CoplayDev/unity-mcp

LLM Execution Optimization and Benchmark Discussion

Opened this issue · 3 comments

The major pain point I am experiencing is that LLM does not have a spatial/contextual understanding of certain commands. This happens when I ask it to generate a populated city, a Dust 2 map prototype, or a garden. User prompt is meant to be simple, so I think we need to add Metaprompt and guidance for LLM, especially on Unity execution, to make it smarter.

What I envision right now is a simple GUI input/button to start, so the user can describe their intent for the further prompt / LLM can use ManageScene to gather the current JSON data and try to have an understanding of what to do. It can go more complex than that, but a starting point with LLM knowing the explicit general answer would be good.

Also, hard to find a benchmark for this kind of testing scenario! We should think of possible testing cases and generation cases to test out our tool in the future.

This can be a very long discussion in terms of optimizing LLM execution; maybe Coplay has experience tackling this issue, but I am very open to the discussion.

Agreed it's a very smart idea to have a "test driven development" kind of approach, where we pick a few scenarios like you said and work on the system till it can handle them.
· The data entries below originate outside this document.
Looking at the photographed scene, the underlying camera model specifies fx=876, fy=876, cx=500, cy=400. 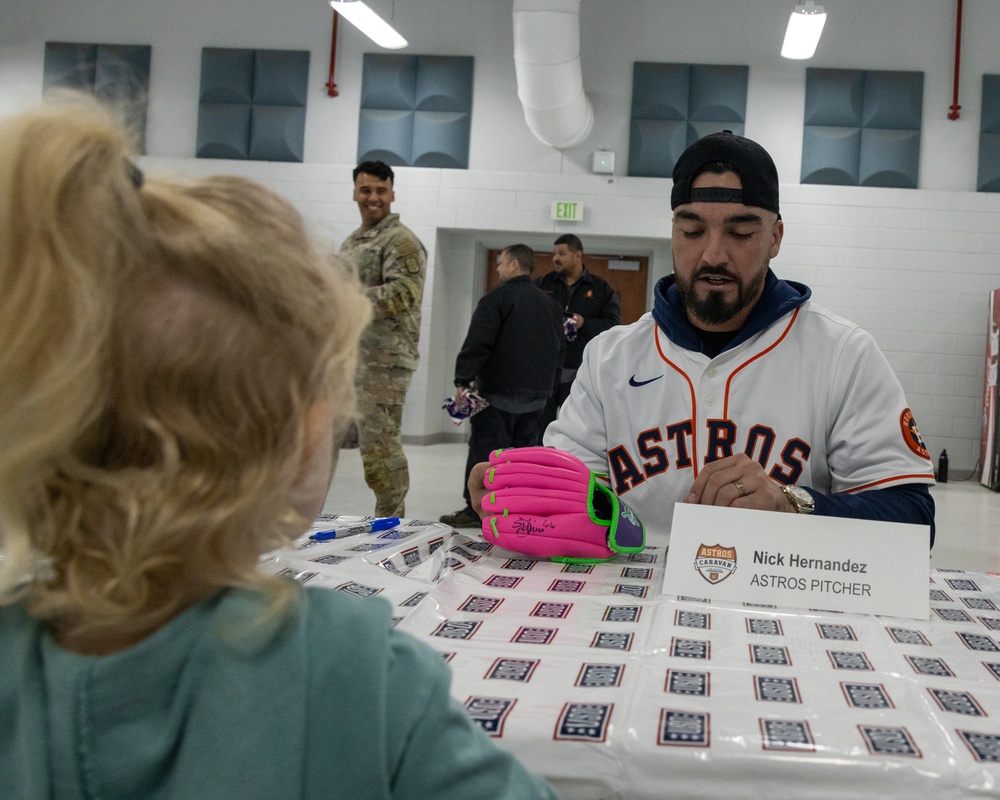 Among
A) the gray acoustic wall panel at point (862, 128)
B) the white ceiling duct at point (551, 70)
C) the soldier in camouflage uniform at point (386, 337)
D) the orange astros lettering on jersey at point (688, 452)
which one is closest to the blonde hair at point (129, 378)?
the orange astros lettering on jersey at point (688, 452)

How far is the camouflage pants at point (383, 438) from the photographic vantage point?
3.92 metres

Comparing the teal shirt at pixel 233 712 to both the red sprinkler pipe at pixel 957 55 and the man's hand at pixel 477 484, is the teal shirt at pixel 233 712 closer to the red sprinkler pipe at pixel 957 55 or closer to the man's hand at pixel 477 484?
the man's hand at pixel 477 484

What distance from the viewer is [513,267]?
4.73 meters

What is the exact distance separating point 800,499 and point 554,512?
0.40 m

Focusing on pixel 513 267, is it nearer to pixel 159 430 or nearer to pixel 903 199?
pixel 159 430

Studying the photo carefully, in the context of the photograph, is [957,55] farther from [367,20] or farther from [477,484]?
[477,484]

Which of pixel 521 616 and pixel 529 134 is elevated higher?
pixel 529 134

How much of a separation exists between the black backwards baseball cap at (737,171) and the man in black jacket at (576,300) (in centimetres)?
389

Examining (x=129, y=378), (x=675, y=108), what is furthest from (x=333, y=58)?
(x=129, y=378)

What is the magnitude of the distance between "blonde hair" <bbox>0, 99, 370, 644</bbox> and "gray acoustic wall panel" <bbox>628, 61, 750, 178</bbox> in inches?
307

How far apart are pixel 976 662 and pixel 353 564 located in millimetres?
855

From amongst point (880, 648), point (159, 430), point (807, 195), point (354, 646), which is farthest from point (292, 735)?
point (807, 195)

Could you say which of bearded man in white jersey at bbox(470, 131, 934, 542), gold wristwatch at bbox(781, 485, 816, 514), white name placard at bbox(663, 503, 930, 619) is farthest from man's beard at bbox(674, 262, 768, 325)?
white name placard at bbox(663, 503, 930, 619)

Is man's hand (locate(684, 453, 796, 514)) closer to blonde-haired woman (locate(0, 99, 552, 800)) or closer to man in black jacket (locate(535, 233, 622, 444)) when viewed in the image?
blonde-haired woman (locate(0, 99, 552, 800)) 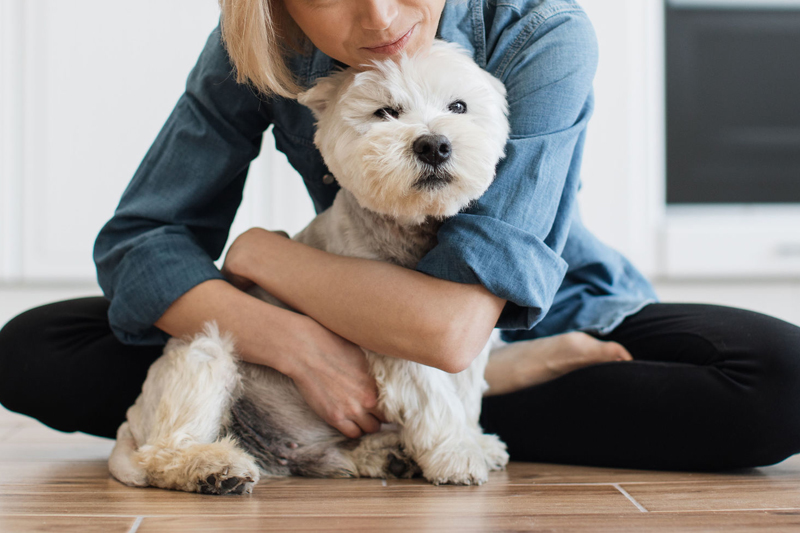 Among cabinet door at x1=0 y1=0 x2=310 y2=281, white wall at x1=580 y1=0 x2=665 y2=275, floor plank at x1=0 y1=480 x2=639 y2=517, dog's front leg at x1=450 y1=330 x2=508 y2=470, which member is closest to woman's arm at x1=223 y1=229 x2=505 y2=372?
dog's front leg at x1=450 y1=330 x2=508 y2=470

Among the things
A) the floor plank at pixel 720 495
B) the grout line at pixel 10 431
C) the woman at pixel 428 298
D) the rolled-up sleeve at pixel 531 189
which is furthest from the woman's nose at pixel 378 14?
the grout line at pixel 10 431

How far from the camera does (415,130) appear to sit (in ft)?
3.71

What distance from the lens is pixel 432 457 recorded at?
1.27 m

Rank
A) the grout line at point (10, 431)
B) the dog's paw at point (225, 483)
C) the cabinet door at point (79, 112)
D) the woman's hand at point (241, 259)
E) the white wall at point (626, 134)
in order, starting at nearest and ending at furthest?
1. the dog's paw at point (225, 483)
2. the woman's hand at point (241, 259)
3. the grout line at point (10, 431)
4. the cabinet door at point (79, 112)
5. the white wall at point (626, 134)

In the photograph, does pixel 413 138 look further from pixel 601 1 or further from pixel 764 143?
pixel 764 143

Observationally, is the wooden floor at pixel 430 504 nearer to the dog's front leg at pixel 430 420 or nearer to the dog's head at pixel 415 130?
the dog's front leg at pixel 430 420

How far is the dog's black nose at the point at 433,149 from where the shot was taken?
111 cm

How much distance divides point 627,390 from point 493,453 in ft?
0.96

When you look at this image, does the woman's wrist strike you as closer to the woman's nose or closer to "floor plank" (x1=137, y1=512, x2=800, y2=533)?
"floor plank" (x1=137, y1=512, x2=800, y2=533)

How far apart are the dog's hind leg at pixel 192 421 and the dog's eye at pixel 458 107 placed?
1.95 ft

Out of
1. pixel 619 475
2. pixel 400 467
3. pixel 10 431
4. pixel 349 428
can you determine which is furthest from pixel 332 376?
pixel 10 431

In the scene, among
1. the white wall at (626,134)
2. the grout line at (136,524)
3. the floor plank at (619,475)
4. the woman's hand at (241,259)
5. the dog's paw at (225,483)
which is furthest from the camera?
the white wall at (626,134)

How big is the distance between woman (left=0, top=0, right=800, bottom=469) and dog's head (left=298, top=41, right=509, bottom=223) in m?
0.05

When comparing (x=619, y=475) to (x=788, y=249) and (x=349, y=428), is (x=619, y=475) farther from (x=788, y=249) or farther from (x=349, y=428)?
(x=788, y=249) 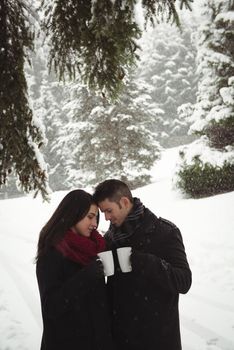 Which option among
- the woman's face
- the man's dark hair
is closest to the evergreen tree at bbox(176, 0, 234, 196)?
the man's dark hair

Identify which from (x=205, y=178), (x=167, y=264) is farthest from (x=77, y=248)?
(x=205, y=178)

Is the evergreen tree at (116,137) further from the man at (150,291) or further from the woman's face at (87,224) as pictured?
the man at (150,291)

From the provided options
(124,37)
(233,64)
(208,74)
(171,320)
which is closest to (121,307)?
(171,320)

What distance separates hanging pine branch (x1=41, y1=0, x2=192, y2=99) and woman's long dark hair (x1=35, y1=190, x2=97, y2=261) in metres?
1.44

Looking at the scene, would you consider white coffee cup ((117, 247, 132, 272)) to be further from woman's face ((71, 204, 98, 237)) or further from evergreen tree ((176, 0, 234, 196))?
evergreen tree ((176, 0, 234, 196))

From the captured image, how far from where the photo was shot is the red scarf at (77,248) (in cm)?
296

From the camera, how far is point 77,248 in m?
3.02

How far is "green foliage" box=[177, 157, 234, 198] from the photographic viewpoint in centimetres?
1254

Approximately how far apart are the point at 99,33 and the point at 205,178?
34.1ft

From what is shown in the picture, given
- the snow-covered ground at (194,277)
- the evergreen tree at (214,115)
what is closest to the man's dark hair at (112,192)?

  • Garden with simple plant shapes is a great one.
  • Simple city is a good one.
  • Simple start menu is a good one (lots of people asking about UI)
  • 2D Galaga clone would be a more sophisticated one.

Any others?

Unity's included projects are good testing grounds as well!

It has been a while, but I want to pick up this subject again as I am working on batch & vision input for the MCP. Is there a way we can together build a benchmark prompt that could test the MCP's robustness, with each function being tested with 2~3 tasks?